- 5 months ago
I would like to start this post by saying… that I personally believe everyone gossips, hopefully just a little. Everyone. Including myself.
I visited my inlaws over Easter weekend for the first time in 5 months. I typically dont go this long without seeing them but if I’m being honest my immediate family (sisters, brothers, dad and step-siblings and my inlaws) consists of a whopping 25 individuals which is alot of family functions and its alot to deal with. Sometimes too much, I normally make my inlaws a priority over my step-siblings functions but so far, this year, I havent. My inlaws have been getting the short stick thus far.
This weekend I go over to the house and one of the first things they ask is how my sister has been enjoying her new house. I answered the question and then asked how she knew. She told me, a mutual friend of the family. Then they asked how my father is enjoying his new condo. I answered, again the mutual friend of the family told them. Then they asked how my brother is enjoying the new city that he moved to. The mutual friend could have potentially told them but I have no clue. I stopped asking how they found everything out because at this point, I was annoyed. But if I had to guess, the mutual friend told them or they researched my brothers FB account whom, they are not “friends” with.
Okay, so I am struggling. I am a private person. I dont generally share news about myself unless I am asked. Like… a new job, what Ive been up to, what my summer plans are etc etc. However, if I am asked, I share. I dont get down to the nitty gritty and share every detail but I do share what I feel comfortable sharing. I also feel, no one is entitled to know anything unless I want to share it. Even family. I am just struggling with the fact that they knew all about my family and none of it came from my mouth. The thing is, they are very curious people and were the ones asking for the information from the mutual friend. In the past they have also grilled my husband with kind of odd questions about my family dynamics (ie. what sibling im closest to, do all my siblings get along, etc etc)

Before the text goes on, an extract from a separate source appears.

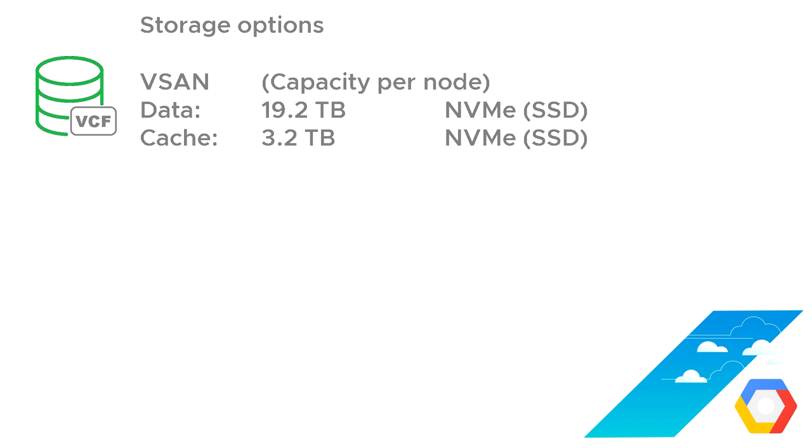So that's what you start with in each node. So three nodes, each with 19.2 terabytes. You just simply add up the capacity. Obviously, this is raw capacity before we do anything like mirroring, RAID or Erasure Coding, but also before things like deduplication and compression.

I know that every family is different. Fortunately, my family doesnt seem so curious in my husbands family. They almost never ask me about them and if they do have a question about them they ask my husband directly. Which is great, it gives him the ability to share as little or as much as he feels comfortable. Unfortunately, I dont get that same treatment from my inlaws. I feel a little disrespected always being asked ABOUT, but rarely being asked directly. Talking ABOUT personal things in my life but rarely talking WITH me about them. I just dont like that my family is obviously being discussed when I am not present, or that i am being talked about and I dont know to what degree, what negative or positive things are being said when I cannot be there to defend it.
How do I navigate this? What do I say/do without making it uncomfortable for my husband?
I would also like to say, I will not ask my husband to speak to them about this as I feel it kind of defeats the entire purpose of them talking to me instead of about me. It should be vice versa as well.